§ Records to use:
------------------------------------------------------------

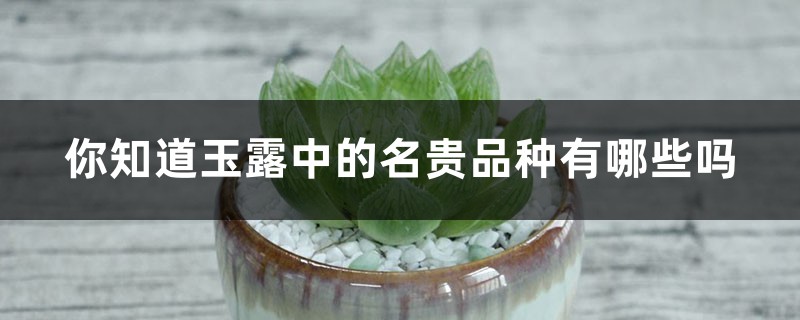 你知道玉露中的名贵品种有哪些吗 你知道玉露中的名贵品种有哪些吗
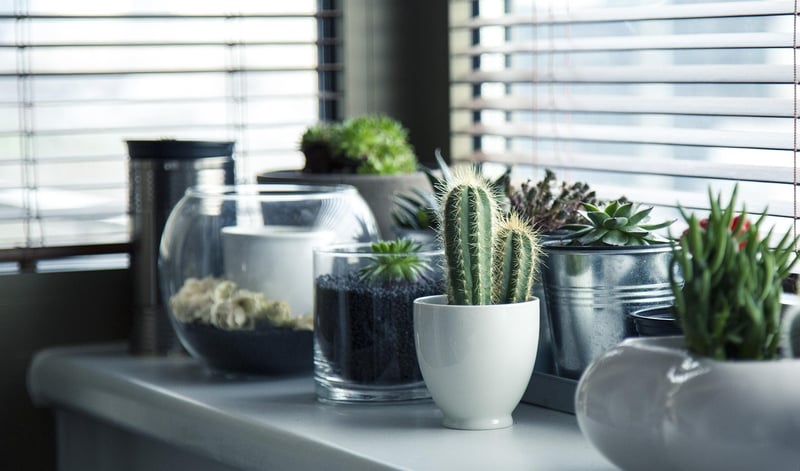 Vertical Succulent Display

------------------------------------------------------------

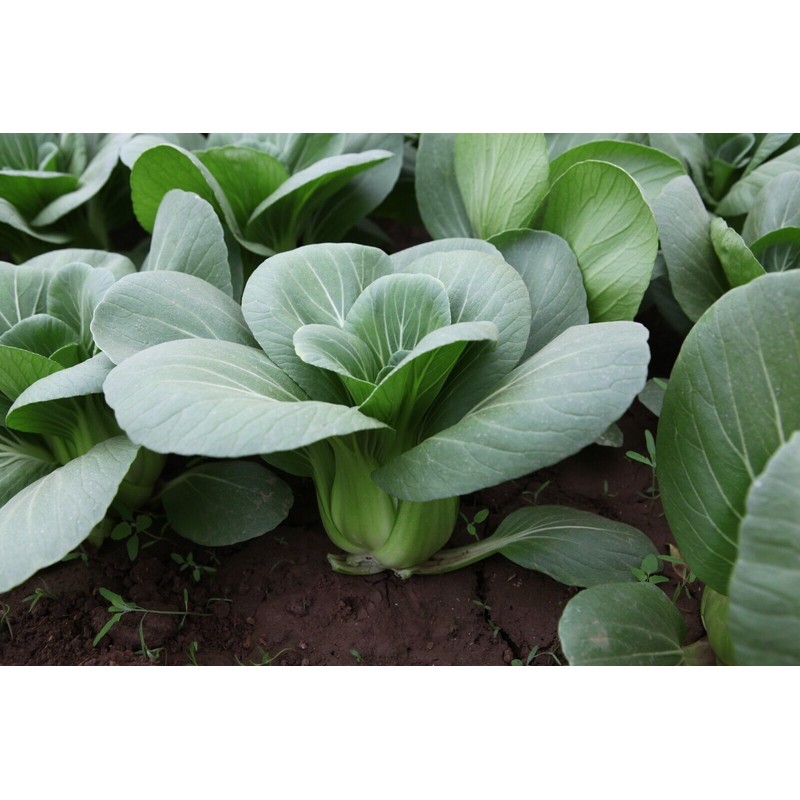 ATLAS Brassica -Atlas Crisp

------------------------------------------------------------

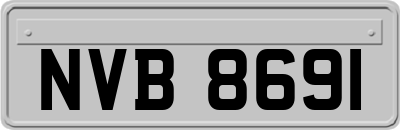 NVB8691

------------------------------------------------------------

§ Problem to solve: Your answer should consist of the lines above between those holding "你知道玉露中的名贵品种有哪些吗 你知道玉露中的名贵品种有哪些吗" and "Vertical Succulent Display", inclusive, reproduced word for word and without pictures.

§ Answer for this exercise:
 你知道玉露中的名贵品种有哪些吗 你知道玉露中的名贵品种有哪些吗
 Vertical Succulent Display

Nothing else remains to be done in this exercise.